- IATA: none; ICAO: GMMG;

Summary
- Airport type: Military
- Operator: Royal Moroccan Air Force
- Location: Ben Guerir, Morocco
- Elevation AMSL: 430 m / 1,400 ft
- Coordinates: 32°7′50″N 7°54′39″W﻿ / ﻿32.13056°N 7.91083°W

Map
- Ben Guerir Air Base

Runways
| Direction | Length |  | Surface |
| m | ft |
| 18/36 | 4,182 | 13,720 | Asphalt |

= Ben Guerir Air Base =

Royal Moroccan Air Force base

Ben Guerir Air Base is a Royal Moroccan Air Force base in the Marrakesh-Safi region, located about 36 mi north of Marrakesh, near the town of Ben Guerir. It previously served as a United States Air Force base and Transatlantic Abort Landing (TAL) site for the Space Shuttle.

==History==
Ben Guerir was established in 1951 by the U.S. Strategic Air Command (SAC), as one of five bases constructed in what was then French North Africa for SAC during a "crash program" which began in 1950. The base was located to allow for the rapid deployment of nuclear-armed Boeing B-47 Stratojets, without requiring aerial refueling, Boeing KC-97 Stratofreighters were also deployed from the base.

In 1956, the entire RB-47E force operated by the 91st Strategic Reconnaissance Wing's 322nd, 323rd and 324th Strategic Reconnaissance Squadrons spent 90 days at Ben Guerir on temporary duty assignment. SAC occupied the base until 1963. The base operating unit was the 3926th Air Base, later "Combat Support" Group, assigned to the 5th Air Division and later to the 4310th Air Division.

The base was designated as a Transoceanic Abort Landing (TAL) site for the Space Shuttle in July 1988, replacing the former TAL site at Casablanca. The site was chosen largely for its location near the nominal ground track of the shuttle orbiter for a mid-range inclination launch, meaning a diversion to the TAL site would require minimal use of fuel. Ben Guerir last served as a TAL site in June 2002, for STS-111, which landed at Edwards Air Force Base at the conclusion of its flight. The base was deactivated in 2005, after supporting 83 shuttle missions.

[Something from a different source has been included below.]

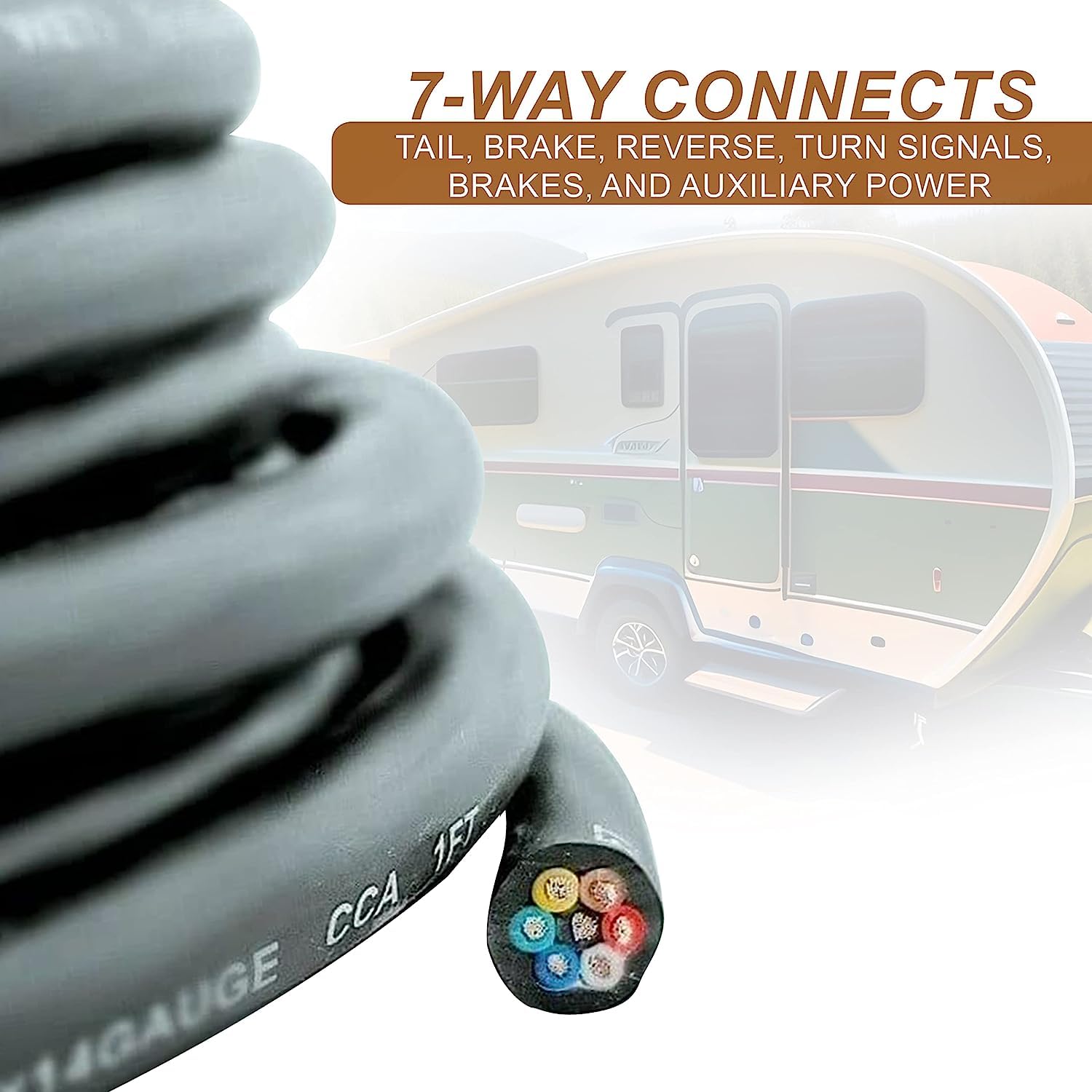 14 Gauge 7 Way Conductor Extension RV Trailer Wire Cable Wiring Insulated 50 Feet 14/7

The base is home to an Escadre de Chasse (Fighter Wing), with three squadrons of General Dynamics F-16C/D Fighting Falcons: the "Falcon", "Spark", and "Viper" squadrons.

==Facilities==
Ben Guerir has one runway oriented in a North-South direction. It is 200 ft wide, with 25 ft shoulders, and is 13720 ft long, with a 1000 ft underrun and a 2500 ft compacted dirt overrun, for a total length of 15720 ft. During renovations made by NASA in 1988, the runway was equipped with shuttle-unique landing aids, including a microwave landing system and Tactical Air Navigation (TACAN) system.

As on 2021, the Moroccan Air Force is upgrading Ben Guerir Air Base to support its acquisition of F-16 Fighting Falcon aircraft.